BatamNow.com, Jakarta – Proyek optimalisasi Sistem Penyediaan Air Minum (SPAM) di Pulau Penyengat, Kota Tanjungpinang, Kepulauan Riau (Kepri), yang menelan dana sekitar Rp 9,49 miliar, telah rampung sejak 2022 lalu.
SPAM yang menggunakan teknologi Sea Water Reverse Osmosis (SWRO) yakni, mengolah air laut menjadi air tawar dengan kualitas memenuhi baku mutu air minum ini, melayani 438 Sambungan Rumah atau setara dengan 1.752 jiwa.
Direktur Air Ditjen Cipta Karya Kementerian PUPR Ir Anang Muchlis menjelaskan, SPAM di Pulau Penyengat mulai dibangun pada tahun 2015 dengan kapasitas 1,5 liter per detik.
Lalu, pada tahun 2022 dilakukan optimalisasi oleh Balai Prasarana Permukiman Wilayah (BPPW) Kepulauan Riau, Ditjen Cipta Karya, dengan menambah kapasitas layanan menjadi 2,5 liter per detik, serta penyempurnaan sistem produksi teknologi SWRO.
“Kami memahami bahwa sarana dan prasarana air minum merupakan infrastruktur dasar yang memberikan pengaruh vital pada kesehatan dan lingkungan.
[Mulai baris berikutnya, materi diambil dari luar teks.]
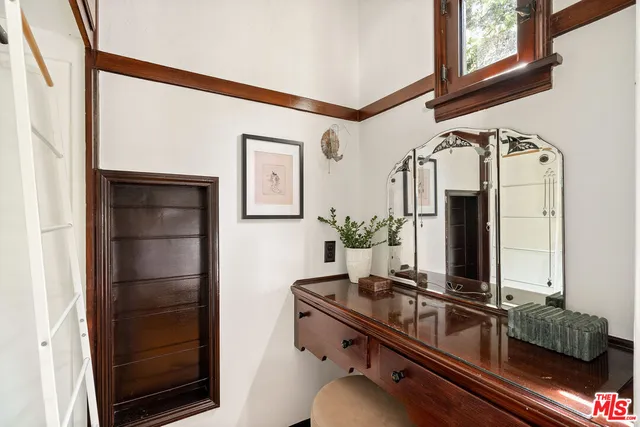 $1,699,000 | 3479 Westmount Avenue, View Park, CA 90043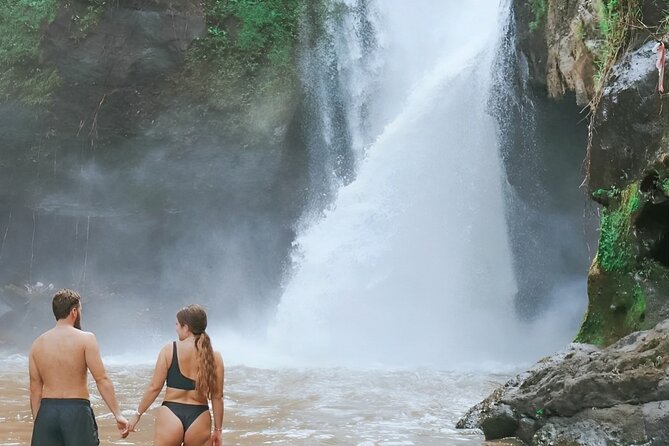 Bali Tour : Tegenungan - Tukad Cepung - Kanto Lampo - Tibumana Waterfall - Who will enjoy this day most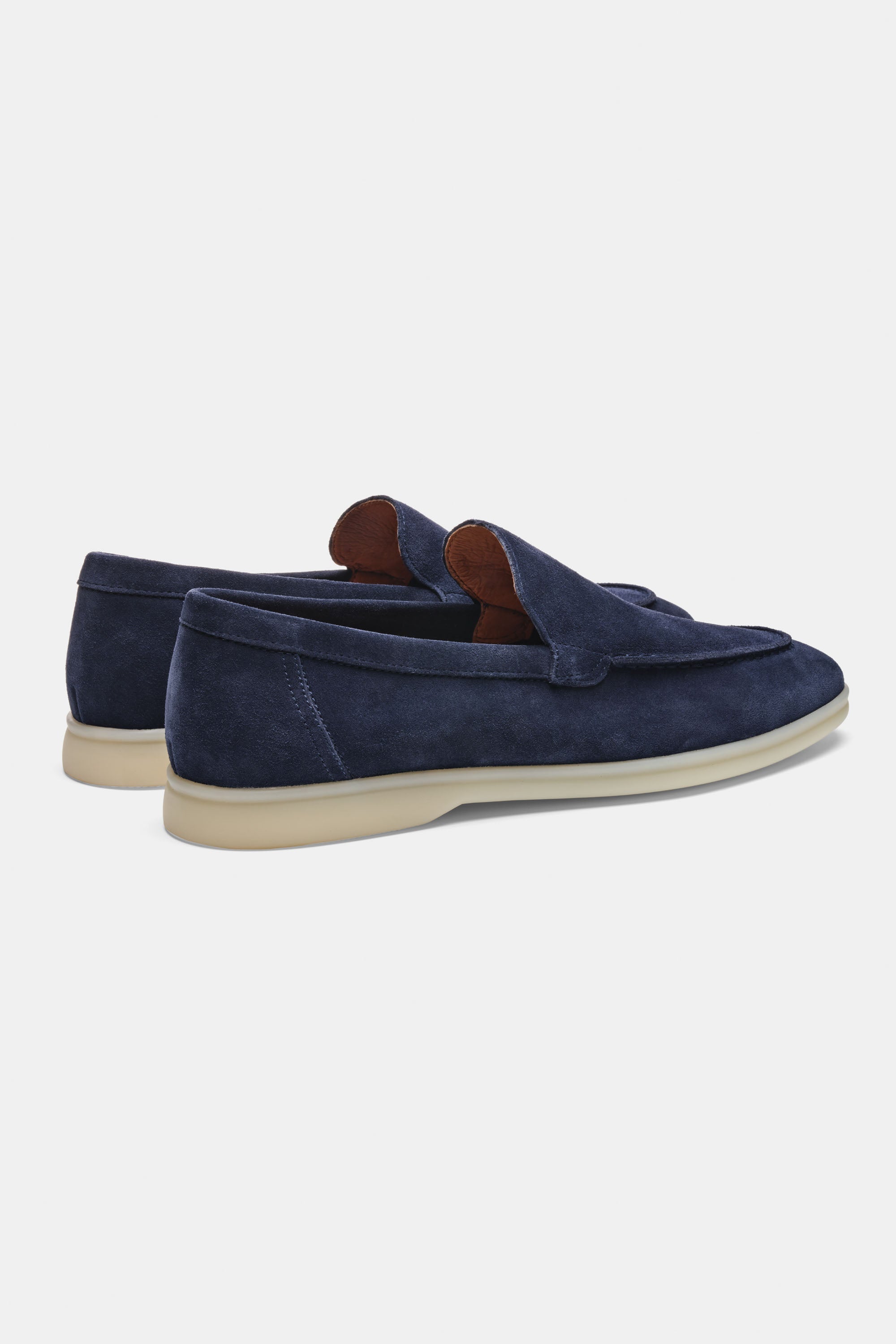 EL CLÁSICO MOCASÍN DE ANTE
Oleh karenanya, pemenuhan kebutuhan air minum menjadi salah satu prioritas,” ujarnya di Jakarta, Jumat (14/07/2023).
Menurutnya, dengan menghadirkan air minum yang baik kualitasnya diharapkan tingkat kesehatan manusia akan semakin baik. Begitu juga angka stunting pada anak dan balita akan menurun.
Anang menguraikan, penggunaan teknologi SWRO, di mana air laut diambil pada jarak kurang lebih 200 meter dari garis pantai dengan menggunakan pipa bawah laut. Selanjutnya, air diolah menggunakan membran nano filter yang menghasilkan air tawar dengan kualitas memenuhi baku mutu air minum.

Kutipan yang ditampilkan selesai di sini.